Sunday, November 07, 2010
I am so disappointed. Normally I don't like attention for anything. Especially when I was at my heaviest, I just wanted to blend into the woodwork and not be noticed! But last Wednesday, when I got on my scale, and it read 199.6, I was so excited, thrilled and PROUD. I called down to my husband, who promptly brought up the camera from downstairs and he took the picture, I was afraid if I held the camera, it would weigh over .4 lbs. and I would go over 200 lbs AGAIN! I cropped my ugly feet out of the picture, posted it here along with a before and after picture.
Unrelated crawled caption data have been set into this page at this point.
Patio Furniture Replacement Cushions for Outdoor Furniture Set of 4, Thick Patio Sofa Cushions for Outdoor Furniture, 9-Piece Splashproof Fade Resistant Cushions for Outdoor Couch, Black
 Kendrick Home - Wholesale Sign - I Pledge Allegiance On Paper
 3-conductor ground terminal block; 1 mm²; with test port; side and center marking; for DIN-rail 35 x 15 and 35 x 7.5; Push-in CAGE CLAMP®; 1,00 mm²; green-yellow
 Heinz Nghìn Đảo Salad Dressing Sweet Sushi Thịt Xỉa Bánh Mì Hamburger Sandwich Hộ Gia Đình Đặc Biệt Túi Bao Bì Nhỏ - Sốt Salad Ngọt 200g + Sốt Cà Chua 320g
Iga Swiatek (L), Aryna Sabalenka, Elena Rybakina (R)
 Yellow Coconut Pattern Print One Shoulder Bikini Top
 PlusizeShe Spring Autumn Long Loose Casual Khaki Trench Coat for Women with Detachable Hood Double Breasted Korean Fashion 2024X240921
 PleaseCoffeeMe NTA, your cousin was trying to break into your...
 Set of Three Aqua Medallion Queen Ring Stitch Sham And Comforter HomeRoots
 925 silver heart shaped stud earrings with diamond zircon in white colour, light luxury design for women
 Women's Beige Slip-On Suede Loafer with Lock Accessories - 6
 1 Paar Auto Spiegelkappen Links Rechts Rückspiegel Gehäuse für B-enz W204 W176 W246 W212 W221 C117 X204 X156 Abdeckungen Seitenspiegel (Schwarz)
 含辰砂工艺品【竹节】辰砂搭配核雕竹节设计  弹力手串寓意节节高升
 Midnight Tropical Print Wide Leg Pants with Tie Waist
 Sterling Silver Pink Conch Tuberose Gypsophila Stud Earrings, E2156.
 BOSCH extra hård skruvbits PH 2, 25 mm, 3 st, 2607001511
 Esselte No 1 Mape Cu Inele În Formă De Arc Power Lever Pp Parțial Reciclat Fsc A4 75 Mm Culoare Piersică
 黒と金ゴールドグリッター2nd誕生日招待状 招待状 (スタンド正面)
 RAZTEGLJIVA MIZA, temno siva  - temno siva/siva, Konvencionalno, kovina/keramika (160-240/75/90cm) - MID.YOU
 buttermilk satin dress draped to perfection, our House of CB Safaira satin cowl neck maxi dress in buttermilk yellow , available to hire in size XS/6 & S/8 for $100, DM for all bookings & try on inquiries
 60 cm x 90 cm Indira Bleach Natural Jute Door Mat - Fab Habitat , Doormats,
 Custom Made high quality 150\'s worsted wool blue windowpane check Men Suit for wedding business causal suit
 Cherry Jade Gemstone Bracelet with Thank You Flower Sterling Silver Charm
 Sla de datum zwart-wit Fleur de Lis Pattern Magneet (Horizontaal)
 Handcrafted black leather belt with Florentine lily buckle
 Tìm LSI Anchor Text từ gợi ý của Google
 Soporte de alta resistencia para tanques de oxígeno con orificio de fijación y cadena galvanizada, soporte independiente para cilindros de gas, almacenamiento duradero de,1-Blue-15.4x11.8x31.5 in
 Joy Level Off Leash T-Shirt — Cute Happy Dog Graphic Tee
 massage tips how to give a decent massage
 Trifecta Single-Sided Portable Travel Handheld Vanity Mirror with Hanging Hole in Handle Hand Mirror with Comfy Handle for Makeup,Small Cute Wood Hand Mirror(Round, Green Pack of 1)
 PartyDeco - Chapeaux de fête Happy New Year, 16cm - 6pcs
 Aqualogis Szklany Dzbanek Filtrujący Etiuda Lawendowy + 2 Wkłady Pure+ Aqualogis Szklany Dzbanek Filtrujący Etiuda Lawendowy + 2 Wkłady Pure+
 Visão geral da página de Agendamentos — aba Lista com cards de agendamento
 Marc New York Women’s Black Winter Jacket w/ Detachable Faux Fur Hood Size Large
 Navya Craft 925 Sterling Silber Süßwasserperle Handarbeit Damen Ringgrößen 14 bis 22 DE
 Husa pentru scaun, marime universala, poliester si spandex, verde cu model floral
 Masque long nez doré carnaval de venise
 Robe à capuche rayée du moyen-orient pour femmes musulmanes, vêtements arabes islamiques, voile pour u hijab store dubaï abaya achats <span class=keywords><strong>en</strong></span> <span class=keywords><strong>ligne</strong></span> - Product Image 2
Then I sat back and waited for people to comment and congratulate me. NOTHING. In the last five days, not a single comment on what I consider to be a major milestone in my journey.
How many people in your REAL life can you tell that you now weigh less than 200 lbs? Not many people understand what a huge accomplishment that is, especially if I am unwilling to share with them that I started at 328 lbs. and it's been at least 30 years since I saw the 100's show up on my scale. Oh well, it's my own fault. About 10 days ago I took down my Spark page for personal reasons. I used to be dupster/loser Grandma. I started a new page the very next day when I realized I couldn't do this alone, but no one has found me yet I guess.
I have been posting on other blogs and message boards and 'friending' lots of interesting people whom I consider to be inspiring and who have similar stories to mine. Hopefully someone, somewhere will read my blog and see my pictures and just say, "WOW, that's great!" Cause that's really all I want.